Your objective: Search the records for the line with "The Student". Output that line and each line after it, exactly, and stop at the end; omit pictures.

-- Extracted records follows --

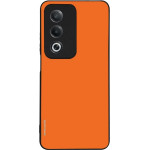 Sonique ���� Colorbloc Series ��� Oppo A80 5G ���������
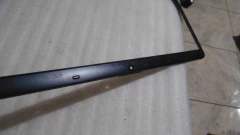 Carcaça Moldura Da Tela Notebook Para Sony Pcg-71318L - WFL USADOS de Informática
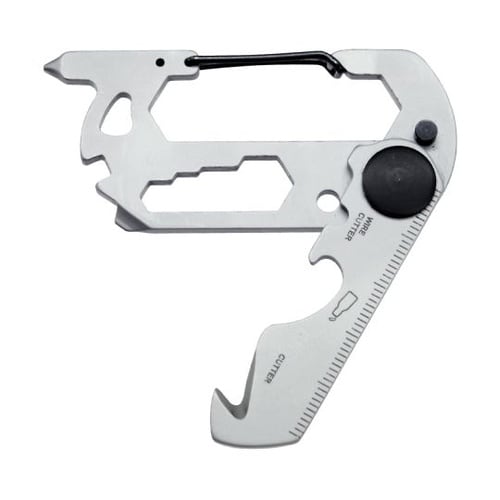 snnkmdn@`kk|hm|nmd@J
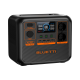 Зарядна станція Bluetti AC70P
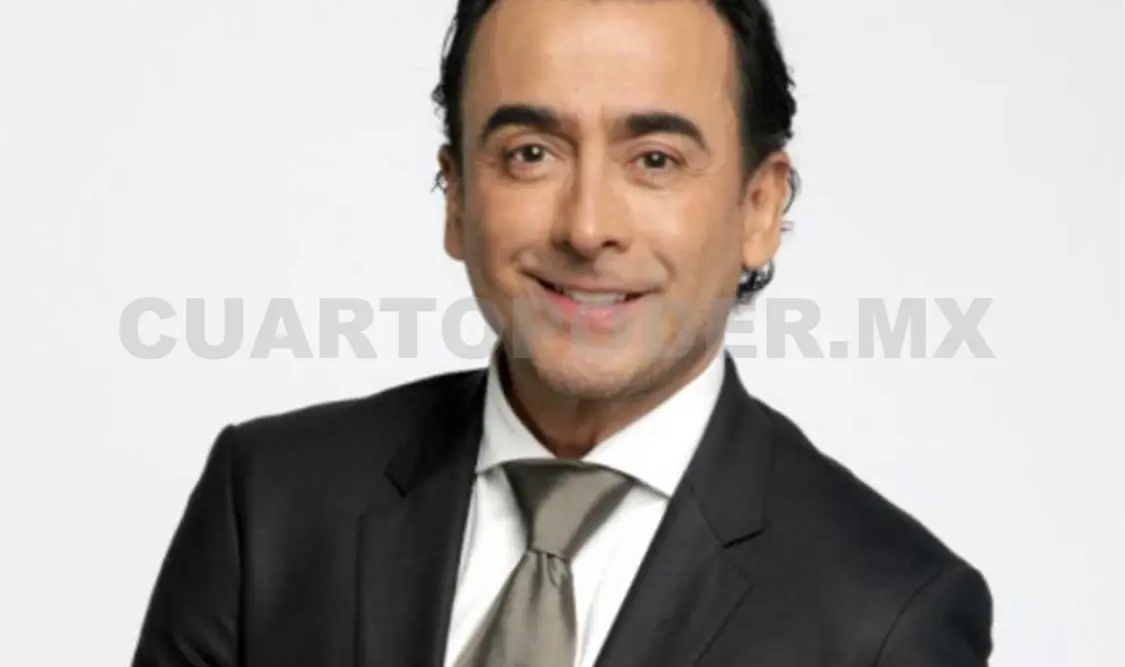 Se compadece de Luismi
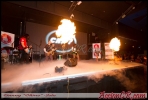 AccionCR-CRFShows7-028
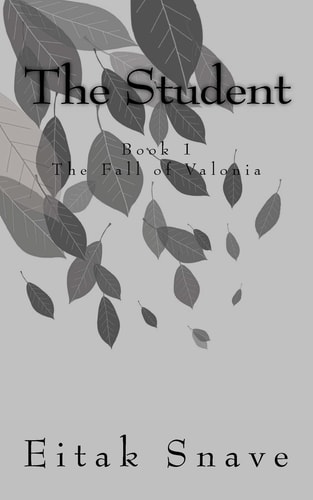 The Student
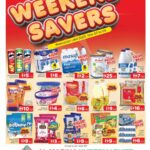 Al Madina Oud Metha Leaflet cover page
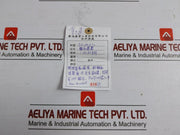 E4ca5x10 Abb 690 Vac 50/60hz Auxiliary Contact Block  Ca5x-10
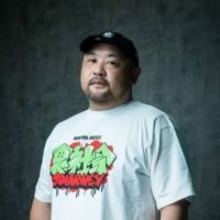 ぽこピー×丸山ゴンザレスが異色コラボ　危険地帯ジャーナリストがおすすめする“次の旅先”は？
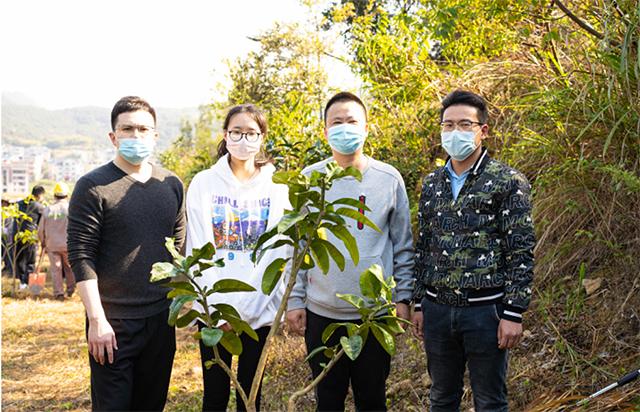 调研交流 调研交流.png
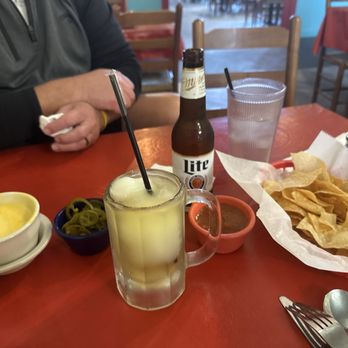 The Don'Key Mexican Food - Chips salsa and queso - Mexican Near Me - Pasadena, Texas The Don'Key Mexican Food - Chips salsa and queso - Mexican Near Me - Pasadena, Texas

-- Extracted records concluded --

Answer to this task:
 The Student
 Al Madina Oud Metha Leaflet cover page
 E4ca5x10 Abb 690 Vac 50/60hz Auxiliary Contact Block  Ca5x-10
 ぽこピー×丸山ゴンザレスが異色コラボ　危険地帯ジャーナリストがおすすめする“次の旅先”は？
 调研交流 调研交流.png
 The Don'Key Mexican Food - Chips salsa and queso - Mexican Near Me - Pasadena, Texas The Don'Key Mexican Food - Chips salsa and queso - Mexican Near Me - Pasadena, Texas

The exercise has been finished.